When the meeting is seen in this light, Oxford’s decision looks less like a determined move to crack down on racism within its halls and more like a spineless attempt to distance itself from a scandal. The students themselves policed their membership and took what action they could against those responsible for the unacceptable humour. It wasn’t an officially sanctioned part of the agenda and it was stopped as soon as it could be, and that’s where the matter should have ended.

Once the national press were involved, the result was inevitable: regardless of what the university’s investigation discovered, anything other than draconian action would be presented in the press as condoning racism, and the public would believe it. Many people think that Oxford students and Conservatives are all privately educated, most people think that a private education means the same thing as being a member of the peerage, and everyone knows that aristocrats are all evil. Class war. Right on.

What has been forgotten here is why racism is wrong. It’s wrong because it causes people to be treated as faceless members of a group and not as individuals. It’s wrong because it’s based on speculative and wildly inaccurate opinions about what it means to belong to that group; it’s wrong because it’s ignorant and it’s wrong because it’s unfair. Snobbery is wrong for the same reasons, and it’s a common misconception that it only works in one direction.

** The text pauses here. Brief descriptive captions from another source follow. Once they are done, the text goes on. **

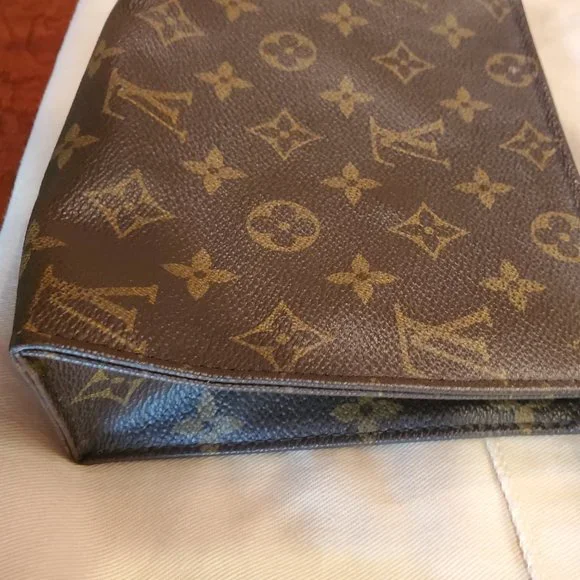 🌺 Louis Vuitton Monogram Toiletry Pouch Clutch 19 Excellent - Picture 5 of 14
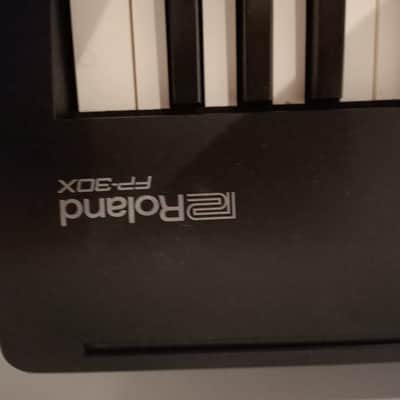 ROLAND FP- 30X 88 Key Digital Piano (great condition) image 2
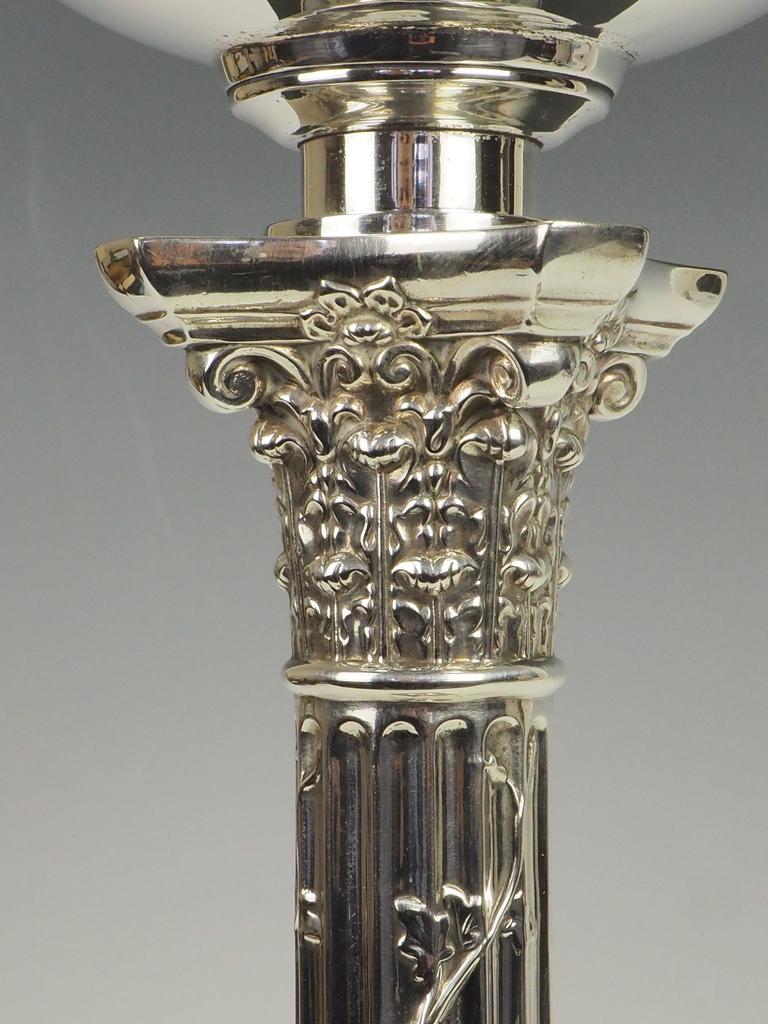 Lampada a olio a colonna corinzia in argento massiccio con paralume originale in vetro verde in vendita 1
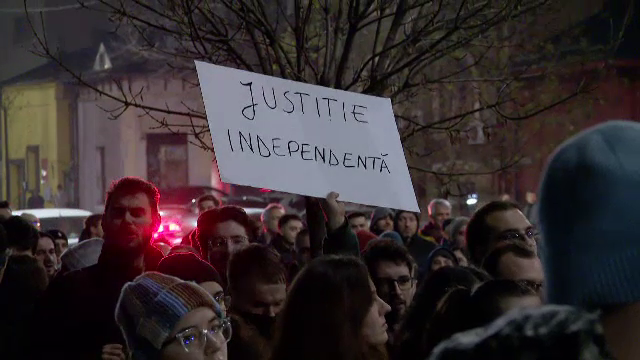 A treia seară de proteste în București și în marile orașe. Manifestanții cer demisia Liei Savonea și schimbări în Justiție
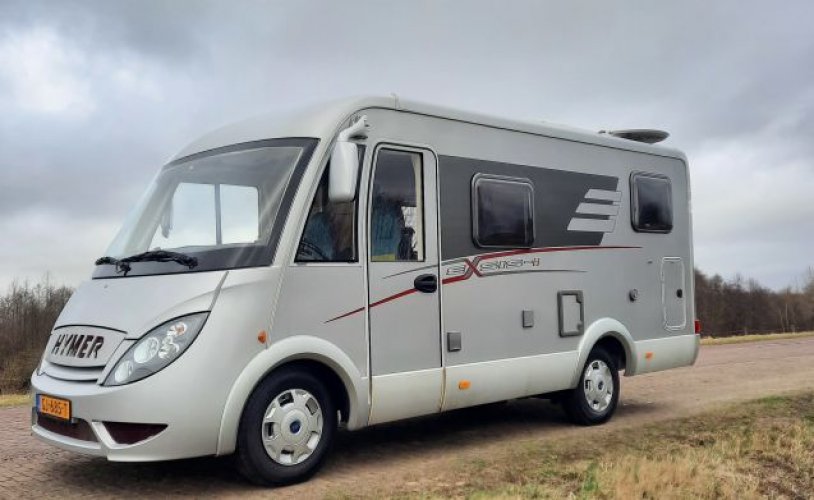 Hymer 4 pers. Rent a Hymer camper in Elburg? From €91 per day - Goboony photo: 0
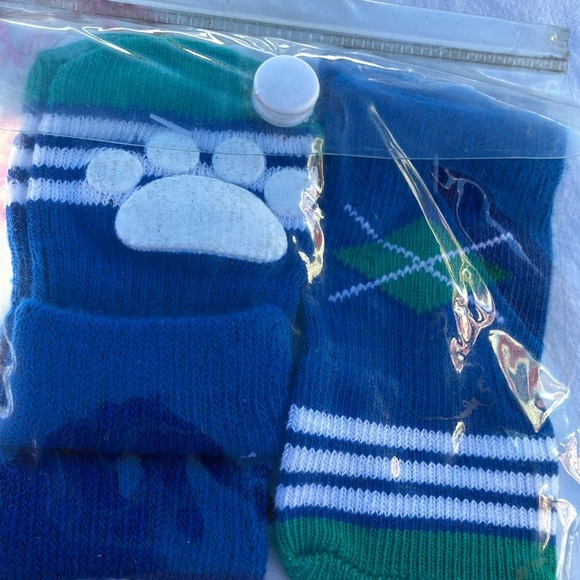 NEW 2 pairs dog socks Blue and Green for Stylish Comfort - Picture 5 of 12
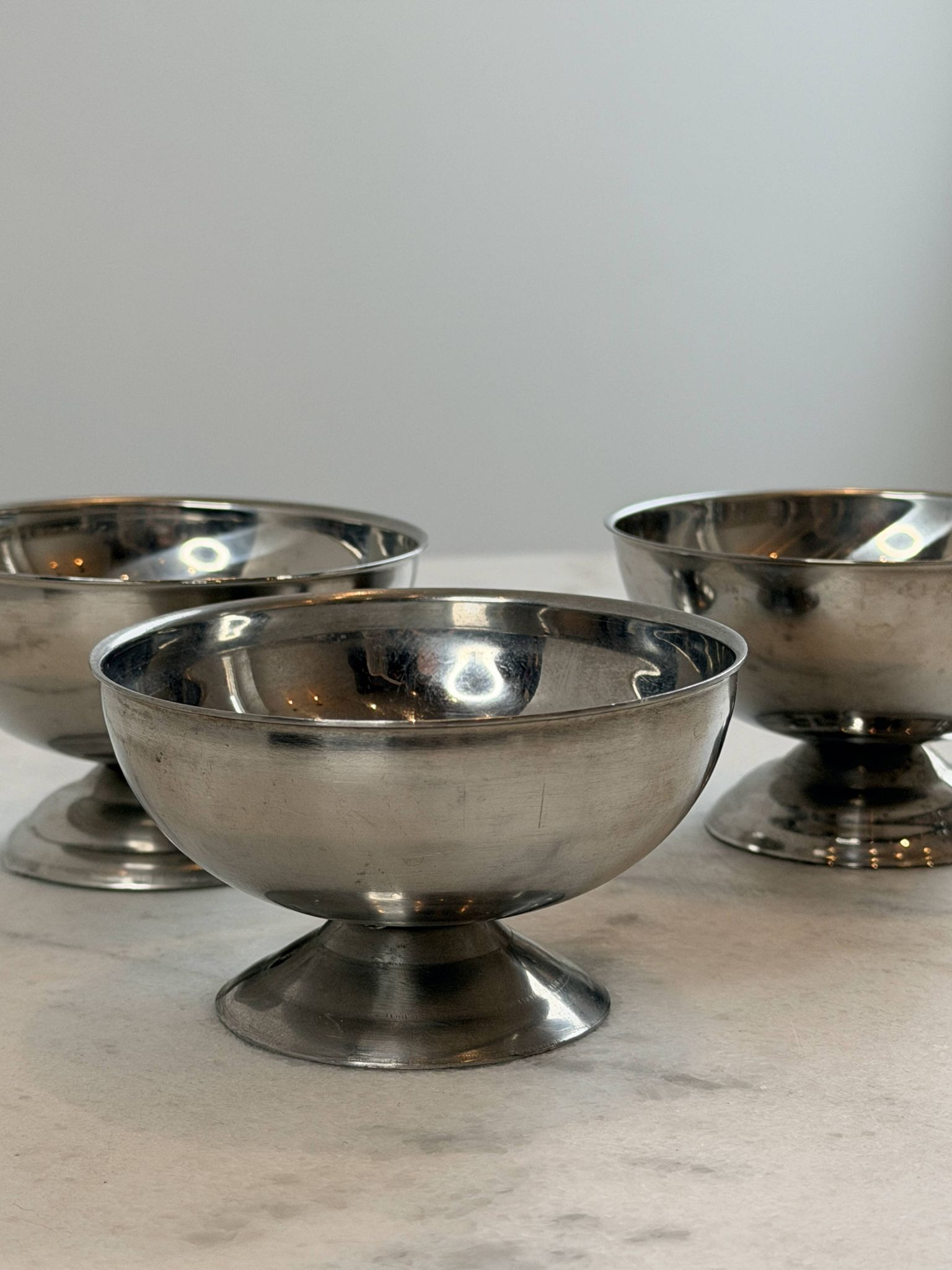Set of 3 stainless steel bowls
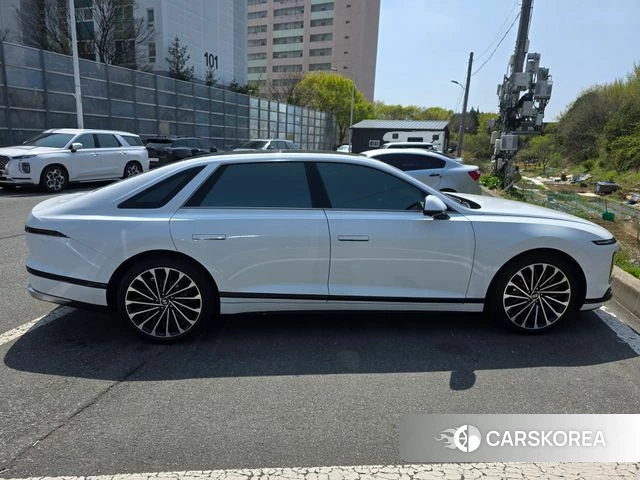 Hyundai Grandeur Hybrid (GN7) id 3934157 из Кореи 11
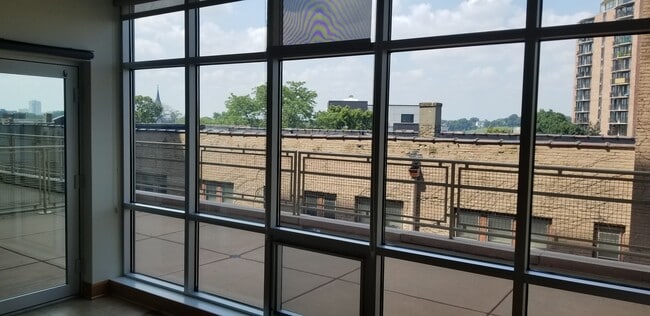 1550 E Royall Pl, Unit 408 in Milwaukee, WI - Building Photo - Building Photo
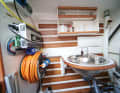 For long cables: The longer the shore power cable is, the larger the cross-section must be, which also makes the cable heavier. Bulky cables can be easily stowed on so-called equipment reels. However, they must be fully unwound during operation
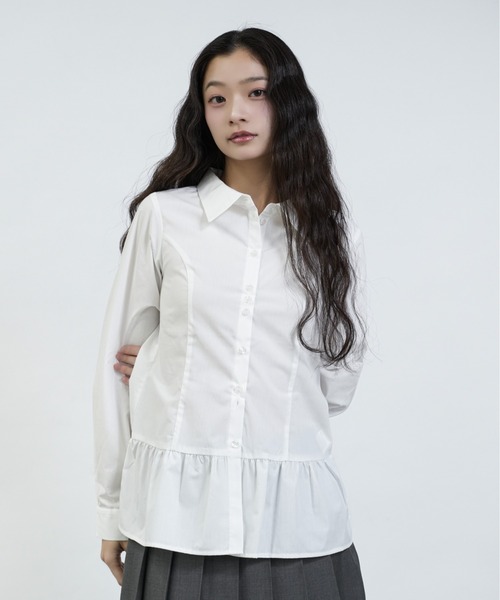 FCMM（エフシーエムエム）の「【日本限定】PEPLUM BLOUSE / ペプラムブラウス（シャツ/ブラウス・レディース・チャコールグレー/オフホワイト・MEDIUM/SMALL）」の3枚目の写真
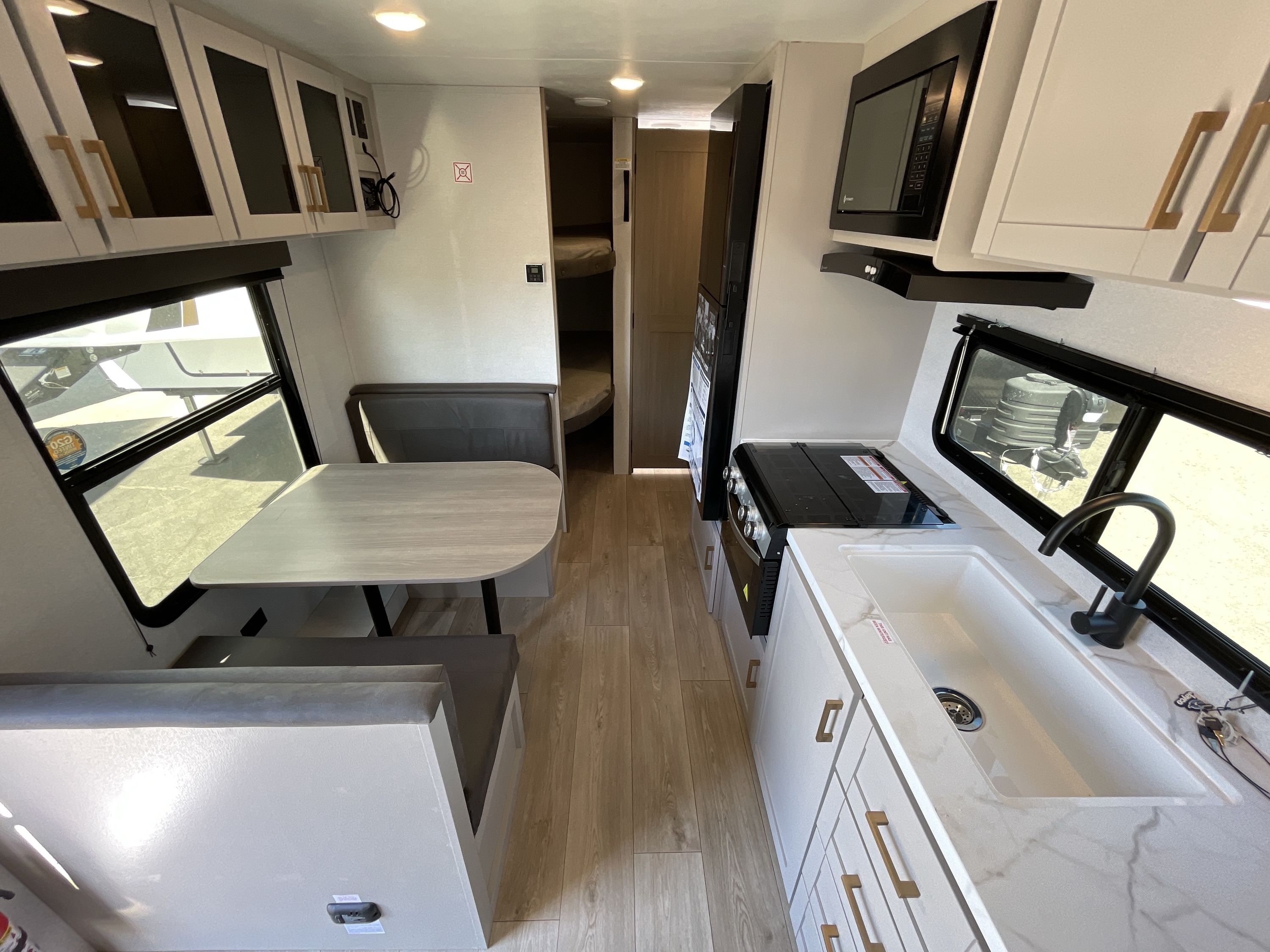 2027 Jayco JAY FLIGHT 260BHW in fresno CA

The Oxford graduates I know did not go to private school; my parents habitually vote Conservative, and neither has a drop of blue blood. In the same vein, it’s interesting that of all the Conservative party leaders since 1975 including Baroness Thatcher, most have not come from the ranks of the aristocracy or even the gentry. This is not in any way relevant as a measure of their competence as national leaders, but it goes to show that the preconception that informs many of the attitudes I’ve heard over the past few days is – as is so often the case with preconceptions – wrong.

This is not intended as a vindication of the Conservative party, yet it is possible that a certain amount of unfairness has been shown to a student society because of its political and academic affiliations. I feel that the unfairness stems from prejudices among the journalistic community and the public at large against those who are seen to represent privilege. Oxford would be unable to sustain its current intake if it only accepted applicants from certain schools, and it certainly could not expect to maintain its academic standards if it attempted to do so. We may be forced to accept that some people are there on academic merit, and surely nobody would suggest that it’s wrong for students to be affiliated with a mainstream political party.

It may be galling to see other people doing well because they’re more talented than we are, or because they work harder; but it’s scarcely unfair for them to be doing so, and it’s no more an indication of privilege than becoming employee of the month for doing one’s job well. Neither do all people support a particular party because of their class backgrounds: some have even made an informed choice that expresses their own considered views, and that seems quite likely in a talented and well-educated student community. It’s easy and comforting to think that someone might have got where they are by sporting a particular school tie, but ease and comfort are not good motives for wilfully ignoring reality. In any case, envy is an ugly emotion, and it’s not a good basis on which to build social equality.

Such considerations aside, writing condemnatory opinion pieces based on what one tabloid heard from a student rag is unbelievably sloppy journalism. There’s no excuse for racism in a political association, but neither is there an excuse for lazy, knee-jerk reportage that reinforces class prejudice to sell newspapers. If someone had taken the trouble to track down some witnesses, ask them about the events and come to an informed conclusion about what the answers meant, that would have been different.

As it is, the argument has degenerated into an emotive slanging match that has little to do with the issues or the original events. I can form my own opinions, but I need some facts if I’m to do it effectively. The ladies and gentlemen of the press ought to be giving me those facts, not regurgitating their own commentary.